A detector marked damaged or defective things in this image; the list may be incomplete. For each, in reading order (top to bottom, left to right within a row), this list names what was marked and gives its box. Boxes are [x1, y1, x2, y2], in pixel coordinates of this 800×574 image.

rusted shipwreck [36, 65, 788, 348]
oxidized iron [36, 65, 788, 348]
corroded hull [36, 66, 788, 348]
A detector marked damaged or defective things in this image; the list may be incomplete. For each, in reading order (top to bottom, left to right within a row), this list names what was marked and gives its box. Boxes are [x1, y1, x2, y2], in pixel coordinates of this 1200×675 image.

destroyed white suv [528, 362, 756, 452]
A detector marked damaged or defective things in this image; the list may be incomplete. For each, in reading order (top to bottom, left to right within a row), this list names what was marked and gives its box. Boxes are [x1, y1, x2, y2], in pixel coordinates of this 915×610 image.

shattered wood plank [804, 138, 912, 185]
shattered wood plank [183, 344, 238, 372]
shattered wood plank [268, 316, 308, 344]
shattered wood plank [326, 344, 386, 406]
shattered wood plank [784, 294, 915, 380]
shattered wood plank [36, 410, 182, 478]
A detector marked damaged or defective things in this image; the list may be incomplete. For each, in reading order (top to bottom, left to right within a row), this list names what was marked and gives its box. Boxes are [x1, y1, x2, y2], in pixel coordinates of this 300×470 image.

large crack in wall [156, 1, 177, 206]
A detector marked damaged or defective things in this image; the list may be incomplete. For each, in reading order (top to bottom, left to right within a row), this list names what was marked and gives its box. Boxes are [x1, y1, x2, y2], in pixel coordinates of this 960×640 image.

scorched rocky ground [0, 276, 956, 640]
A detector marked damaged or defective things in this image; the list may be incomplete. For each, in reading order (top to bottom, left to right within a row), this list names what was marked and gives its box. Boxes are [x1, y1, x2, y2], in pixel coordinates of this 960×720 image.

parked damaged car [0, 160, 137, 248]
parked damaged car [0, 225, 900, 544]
------------------------
* PROBLEM REQUIREMENTS *
In the listing above, the line with "this 960×720 image." and every line after it must be set down word for word, and no other line.

* PROBLEM SOLUTION *
A detector marked damaged or defective things in this image; the list may be incomplete. For each, in reading order (top to bottom, left to right within a row), this list names what was marked and gives its box. Boxes are [x1, y1, x2, y2], in pixel coordinates of this 960×720 image.

parked damaged car [0, 160, 137, 248]
parked damaged car [0, 225, 900, 544]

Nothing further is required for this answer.